New Jersey and Pennsylvania both requested proposals in the past year for lottery management. Early interest in the contracts fell off, and each state drew just one bidder.
In Pennsylvania, Republican Governor Tom Corbett last month handed a 20-year contract for management of the state’s $3.48 billion lottery to Camelot Global Services PA, which is part of U.K.-based Camelot Group Plc, the company that runs Britain’s National Lottery.
Camelot guaranteed $34 billion in profits over 20 years, which exceeded projections under state management by $3 billion to $4 billion, Corbett said.
Christie and Corbett are both moving ahead amid opposition from Democratic lawmakers and unions representing lottery workers. In New Jersey, the Communications Workers of America says 60 public workers would lose their jobs.
“Giving the lottery to a private vendor is like killing the goose that laid the golden egg,” said New Jersey Assemblyman Patrick Diegnan Jr. “It’s difficult to rationalize privatization under any circumstances, but it would be irresponsible to go forward with an award when only one bid was submitted.”
Diegnan, of South Plainfield, is part of a group of Democrats sponsoring a bill that would require lawmakers’ approval of any private lottery-management proposal. His party controls both houses of the legislature, which has no power to stop Christie from signing a contract.
Gtech controls 80 percent of the Illinois lottery partnership.
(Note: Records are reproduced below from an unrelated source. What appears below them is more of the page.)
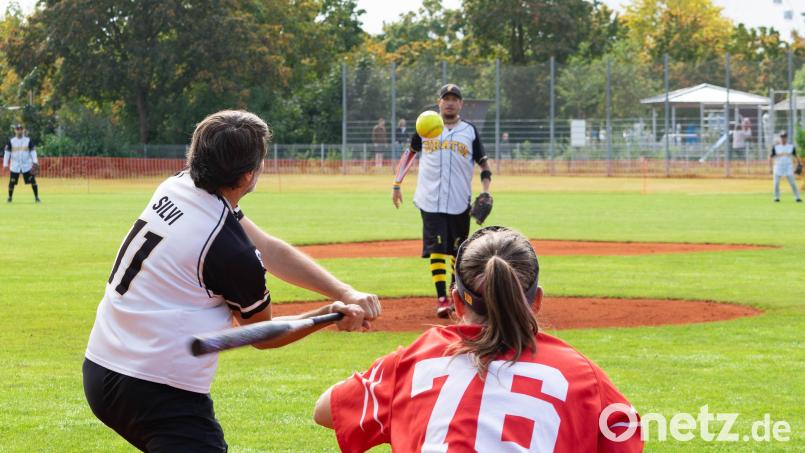 Der Batter (Schlagmann) versucht den vom Pitcher (Werfer) geworfenen Ball weit ins Feld zu schlagen. Bild: Sebastian Bamler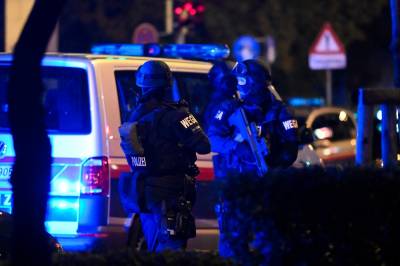 Μακελειό στη Βιέννη: Τουλάχιστον 7 νεκροί από επίθεση σε συναγωγή - Ανατινάχθηκε ο δράστης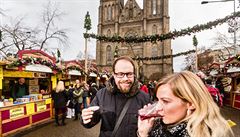 V Praze začaly první vánoční trhy. Strom na Staroměstském náměstí se rozsvítí za týden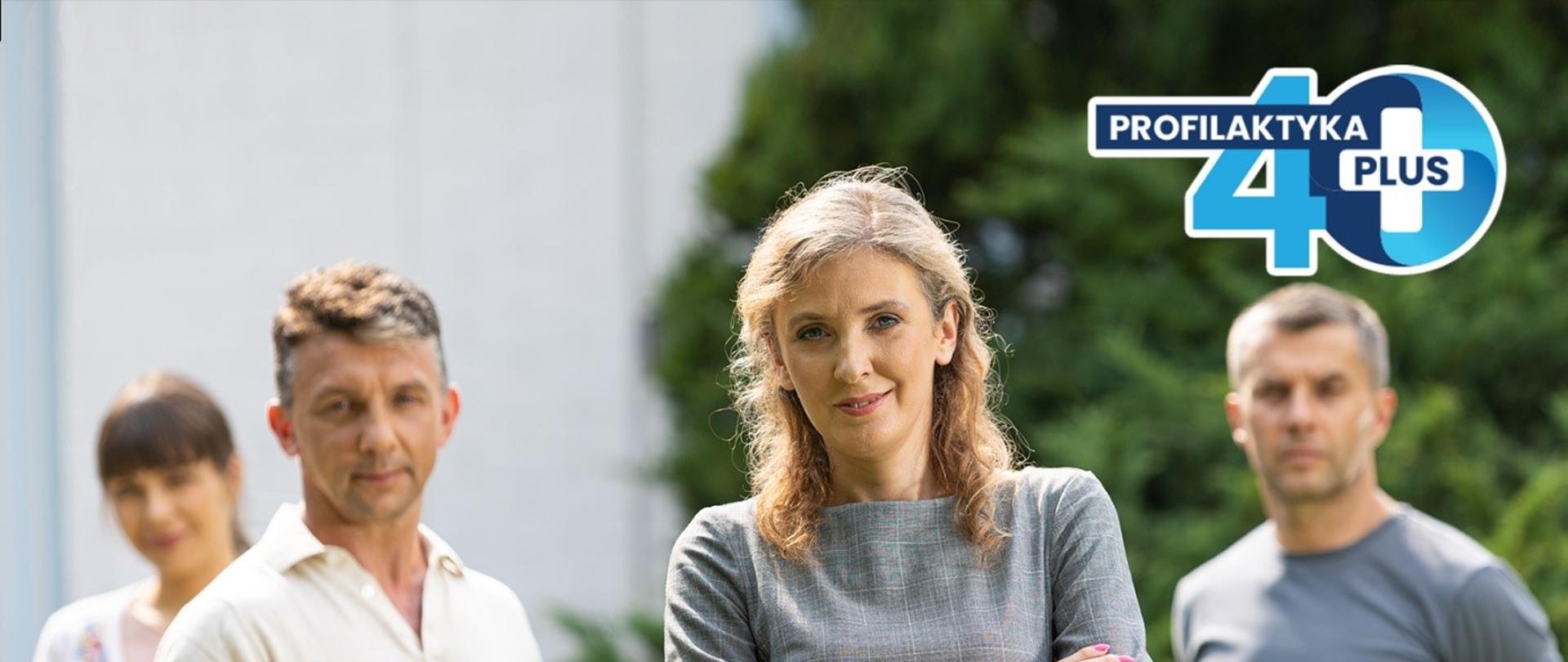 Zdjęcie akcji profilaktyka 40 plus z logo akcji oraz hasztagiem "badamysię". W tle dorośli obojga płci oraz nastolatka.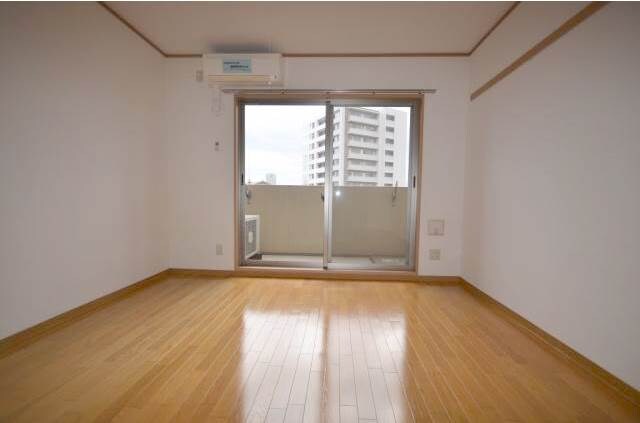 白島九軒町ハイツの物件内観写真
Its stake in Northstar New Jersey and other proposal details are confidential while the contract is under review, said Robert Vincent, a Gtech spokesman.
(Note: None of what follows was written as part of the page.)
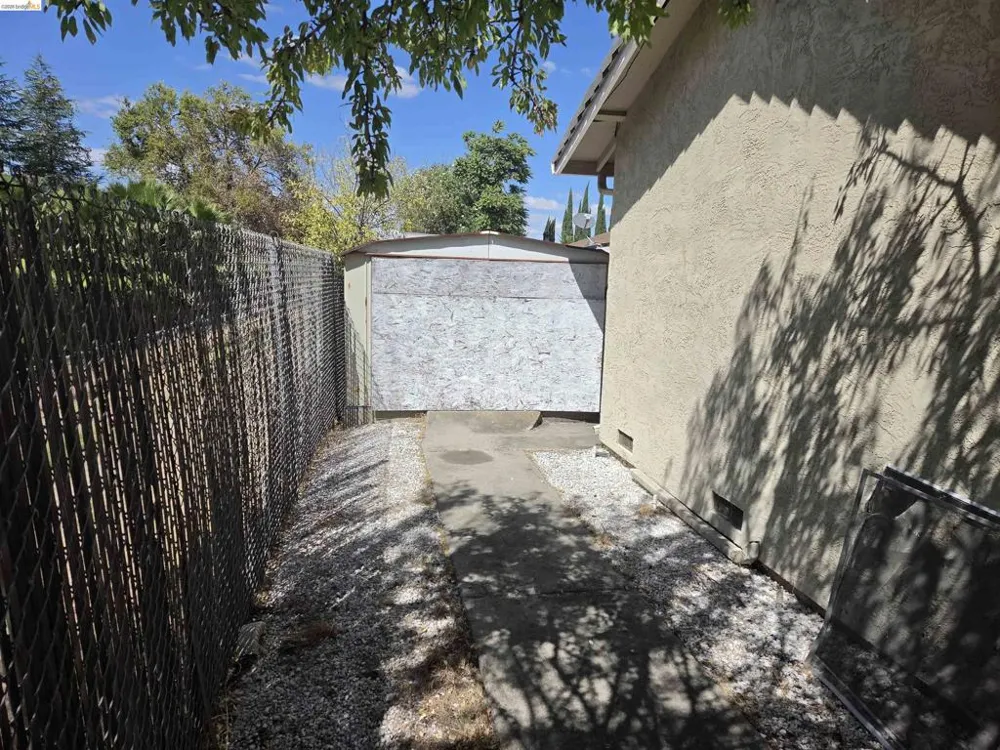 3128 G St. Antioch, CA 94509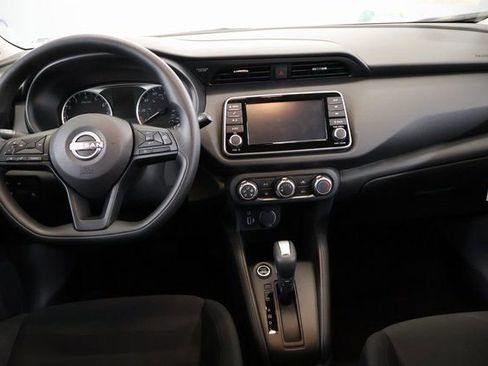 New 2025 Nissan Kicks Play S image 10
New Jersey’s request for proposals stipulated that its contract would be for 15 years, and would require an up-front payment of $120 million from the manager. That condition limited the bidding pool, Vincent said.
“Certain companies may not have the financial wherewithal,” Vincent said.
Illinois and Indiana, which last year hired Gtech to manage its lottery, didn’t ask for upfront money, said Alex Kovach, president of Camelot PA. Pennsylvania demanded $200 million.
“That makes for responsible bidding,” Kovach said during a Jan. 14 Senate public hearing in Pennsylvania on the bid.
No such hearings are being held in New Jersey, much to the chagrin of Democratic lawmakers.
“The proposal to privatize without public explanation one of our most profitable and well-run assets is troubling,” said Assembly budget chairman Vincent Prieto. “The Christie administration appears ready to forfeit substantial long-term revenue for a one-shot payment that will also hurt small business owners and risk vital programs.”
Bakulesh Patel, who owns the Pantry Farms convenience store in Ewing, New Jersey, said he is concerned that a contractor would offer ticket sales on the Internet. Illinois was the first state to legalize such vending, part of Northstar’s strategy to draw new players.
“It’s almost 75 to 80 percent of customers coming in for the lottery,” Patel, 51, from Piscataway, said in an interview. He counted on such revenue, including 5 percent of sales and a percentage of winning tickets he sells, as part of his business strategy when he opened two-and-a-half years ago, he said.
A poster on the door hails Pantry Farms as a “Lucky Lottery Store” after a Cash 5 player there hit the $142,189 jackpot. Patel’s share of that was $750.